19 Cl. Ct. 198

Benton C. CAVIN, et al., Plaintiffs, v. The UNITED STATES, Defendant.

No. 609-86L.

United States Claims Court.

Dec. 29, 1989.

*199Benton C. Cavin, Pleasant Hill, Cal., pro se. and for plaintiffs.

Bernard M. Sisson, with whom was Patricia N. Young, Land and Natural Resources Div., U.S. Dept. of Justice, Washington, D.C., for defendant.

OPINION

SMITH, Chief Judge.

Plaintiffs1 seek review of the Interior Board of Land Appeals’ (IBLA) denial of their application for attorney fees and costs under the Equal Access to Justice Act, 5 U.S.C. § 504 (1982) (EAJA), in connection with their successful patent application before the IBLA. Defendant has moved to dismiss the complaint under RUSCC 12(b)(1), lack of subject matter jurisdiction, and RUSCC 12(b)(4), failure to state a claim upon which relief can be granted. For the reasons stated below, defendant’s motion to dismiss is granted.

FACTS2

Most of the facts underlying this dispute are set forth in detail in a related opinion also issued today, and need not be recounted here. Cavin v. United States, 19 Cl.Ct. 190, 192-93 (1989). For the purposes of this opinion, however, the following additional facts are relevant.
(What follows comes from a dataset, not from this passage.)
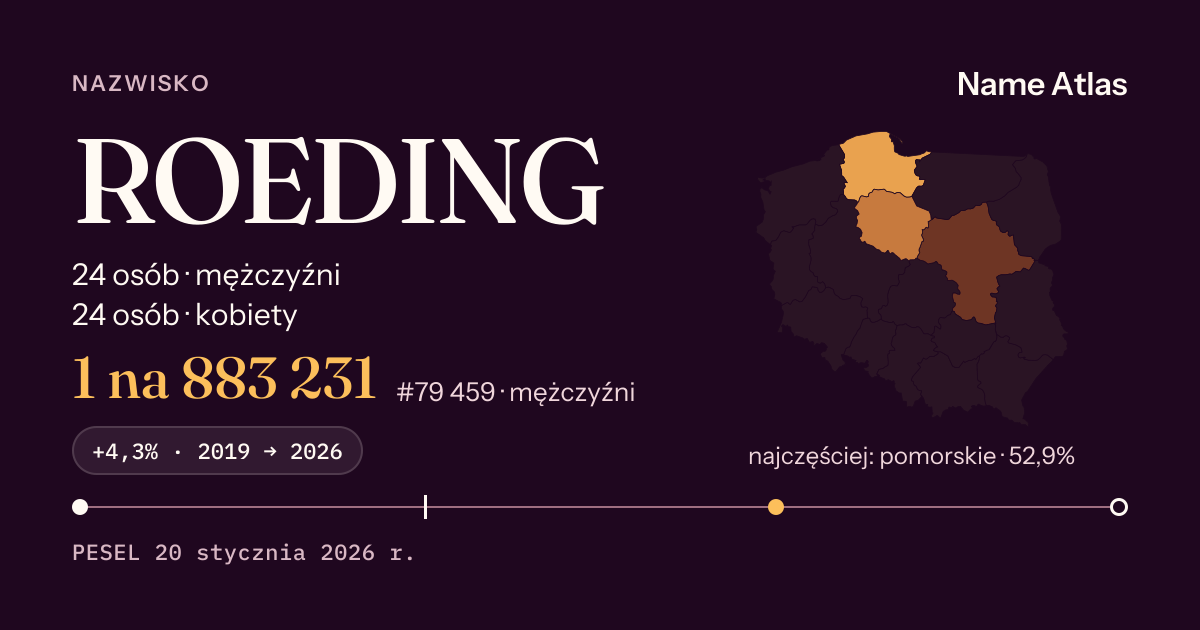 Karta nazwiska z liczbami z rejestru PESEL: ROEDING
On February 17, 1976, Mr. Cavin filed an application for a patent under the Color of Title Act, 43 U.S.C. § 1068 (1982), with the Department of the Interior, seeking title to land at Soquel, California. Mr. Cavin and his family had been occupying and improving the Soquel tract since 1942. The IBLA, after two appeals, determined that a 93% equitable interest in the Soquel property had vested in the Cavins. Benton C. Cavin, 83 I.B.L.A. 107 (1984). The IBLA decision required Mr. Cavin to pay $7,390 (representing the remaining 7% interest in the land), which Mr. Cavin paid “under protest.” A patent was subsequently issued, and for the first time, the Cavins held legal title to the Soquel property.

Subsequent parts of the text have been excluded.